Pada puncaknya, sasaran-sasaran yang tidak termasuk dalam daftar agenda, seperti pangkalan kapal selam dan gedung mabes lama, terbukti lebih penting daripada kapal tempur apapun. Kapal selamlah yang melumpuhkan kapal-kapal berat AL Jepang dan membuat roda perekonomian Jepang terhenti dengan melumpuhkan transportasi minyak dan bahan mentah: impor bahan mentah turun sampai setengahnya pada akhir tahun 1942, “sampai sekitar sepuluh juta ton”, sementara impor minyak “Hampir berhenti total”. Juga, ruang bawah tanah Gedung Administrasi Lama menjadi rumah bagi unit kriptoanalitik yang memberikan sumbangsih penting pada penyergapan di Midway dan keberhasilan Pasukan Kapal Selam.

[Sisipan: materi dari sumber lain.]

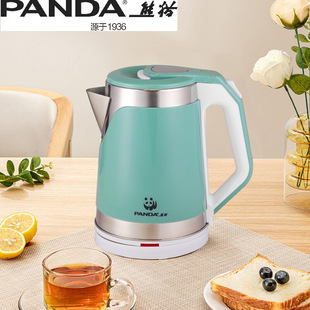 Panda наполовину упаковочный пластиковый чайник 2.5L большой емкости нагрева антиплакия, теплоизоляция и контроль температуры одним щелчком воды TRSH1102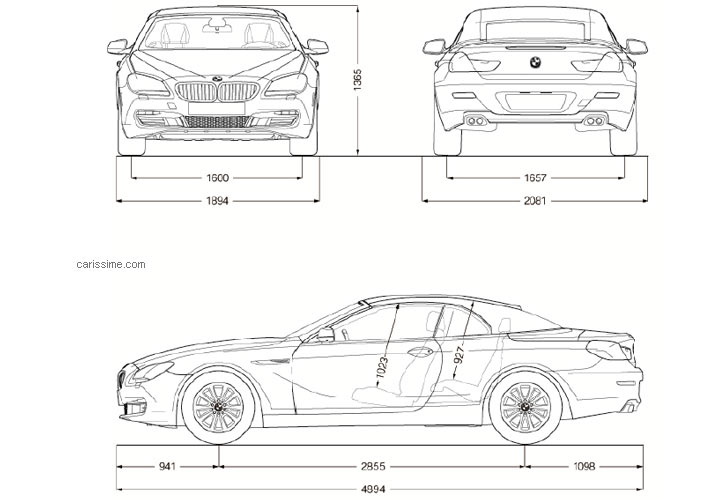 BMW SERIE 6 II CABRIOLET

Saat ini, USS Arizona Memorial di pulau Oahu menghormati korban tewas pada hari terjadinya serangan. Para pengunjung memorial mencapainya dengan perahu-perahu dari pangkalan AL di Peral Harbour. Alfred Preis adalah arsitek yang bertanggung jawab akan rancangan memorial tersebut. Struktur tersebut memiliki bagian tengh yang mengendur dan ujung-ujungnya kuat dan kokoh. Itu melambangkan “kekalahan awal dan kemenangan akhir” bagi korban tewas pada tanggal 7 Desember 1941. Walaupun tanggal 7 Desember dikenal sebagai Hari Pearl Harbour, tapi tidak dianggap sebagai hari libur umum di Amerika Serikat. Bagaimanapun bangsa ini tetap berziarah dan mengenang mereka yang tewas dan terluka ketika diserang oleh Jepang pada tahun 1941. Sekolah-sekolah dan tempat-tempat lainnya di seluruh negeri mengibarkan bendera Amerika setengah tiang.